Input data >>
★ ★ ★
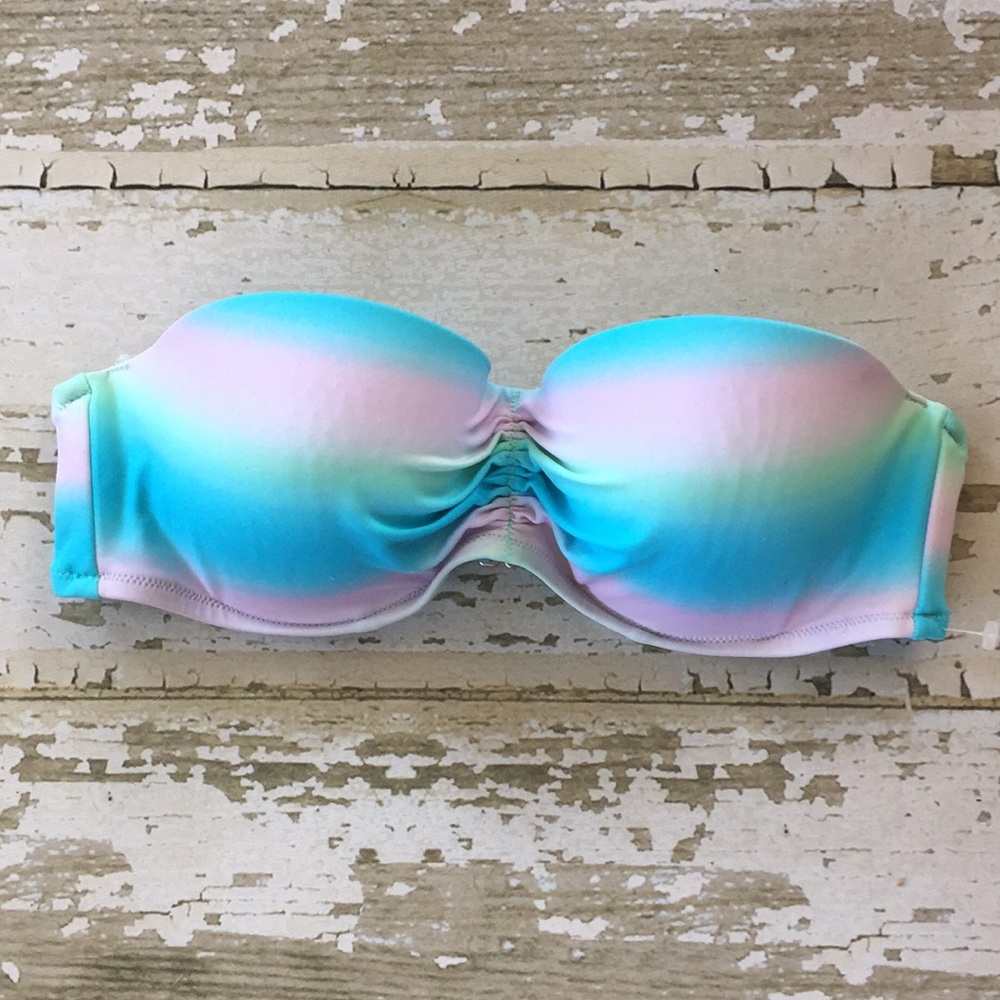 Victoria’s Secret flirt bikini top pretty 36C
★ ★ ★
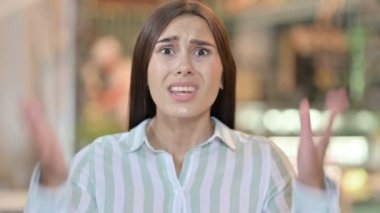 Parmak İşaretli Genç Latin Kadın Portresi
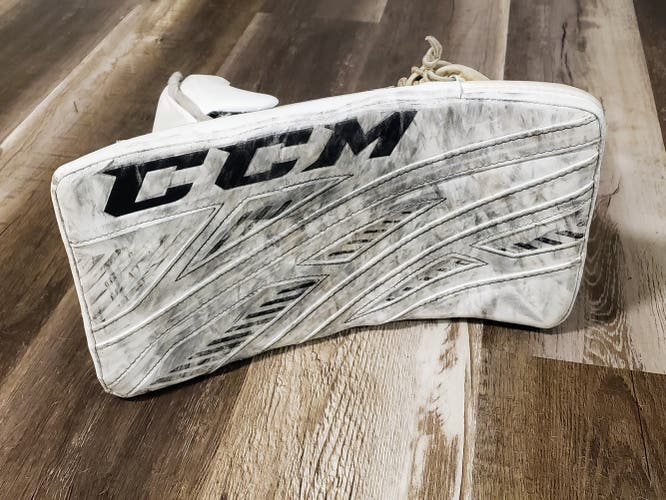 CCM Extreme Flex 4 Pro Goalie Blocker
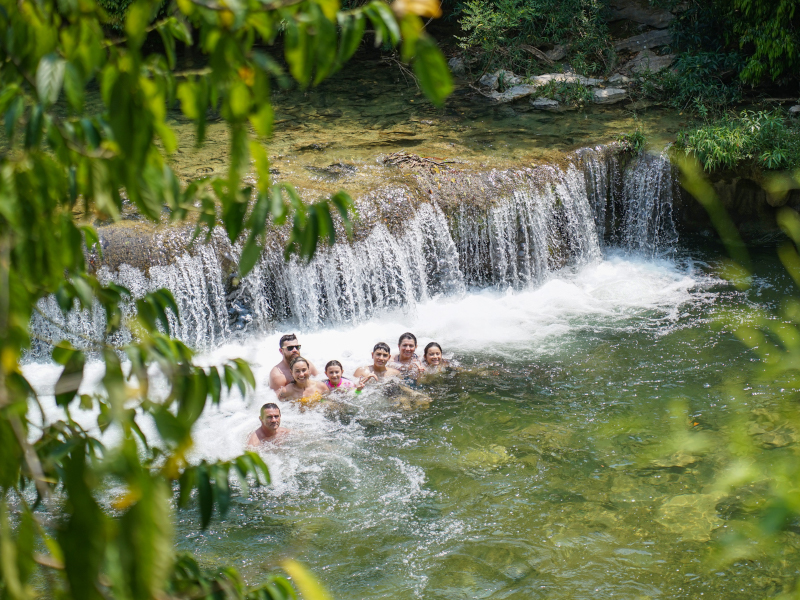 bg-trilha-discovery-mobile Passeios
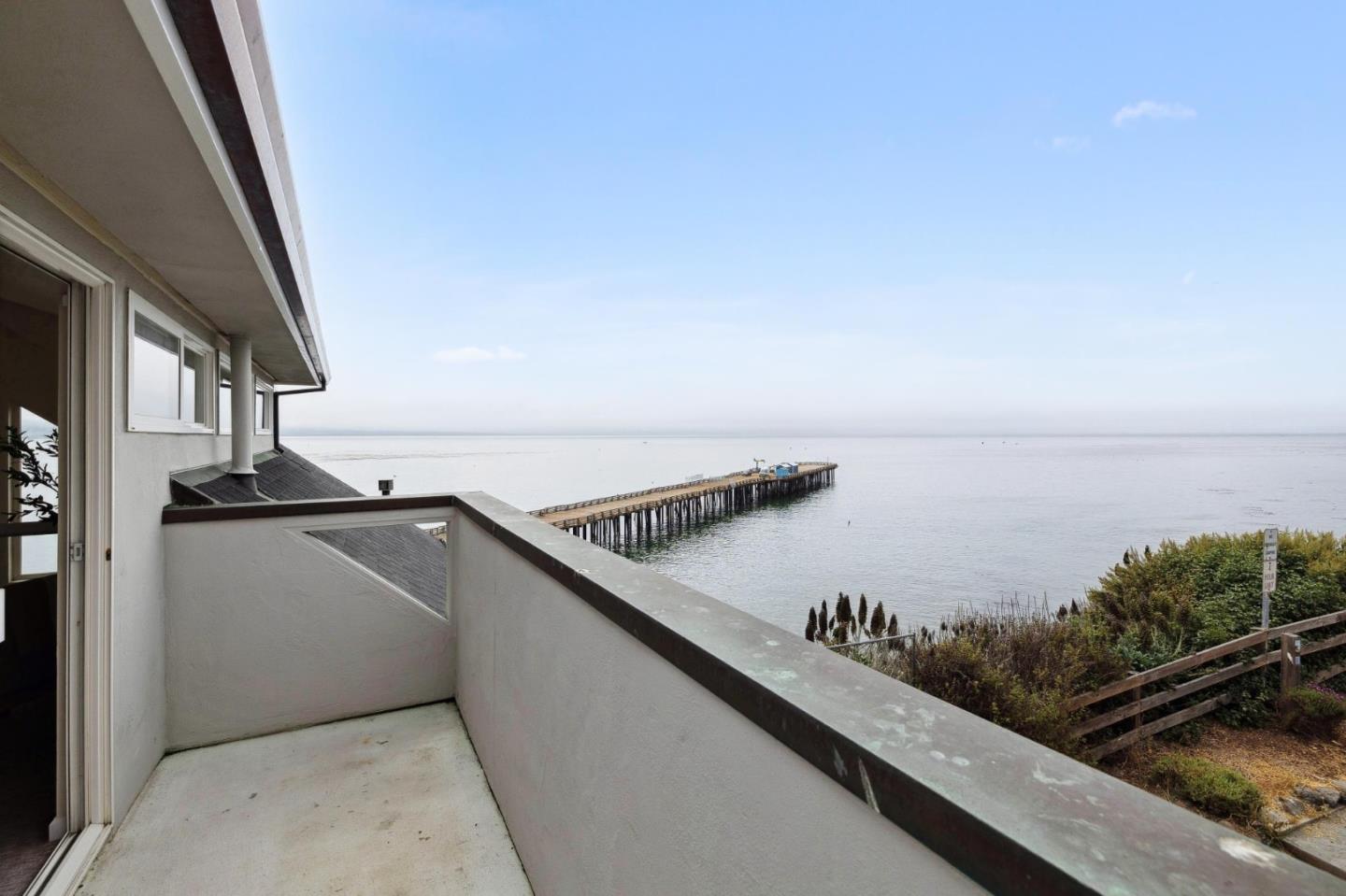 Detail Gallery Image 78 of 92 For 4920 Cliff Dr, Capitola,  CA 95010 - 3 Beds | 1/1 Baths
★ ★ ★
What you are asked to do >> Transcribe exactly the lines above, beginning at the one with "CCM Extreme Flex 4 Pro Goalie Blocker" and going up to and including the one with "Detail Gallery Image". Pictures do not belong in the copy.

Output of the exercise >>
 CCM Extreme Flex 4 Pro Goalie Blocker
 bg-trilha-discovery-mobile Passeios
 Detail Gallery Image 78 of 92 For 4920 Cliff Dr, Capitola,  CA 95010 - 3 Beds | 1/1 Baths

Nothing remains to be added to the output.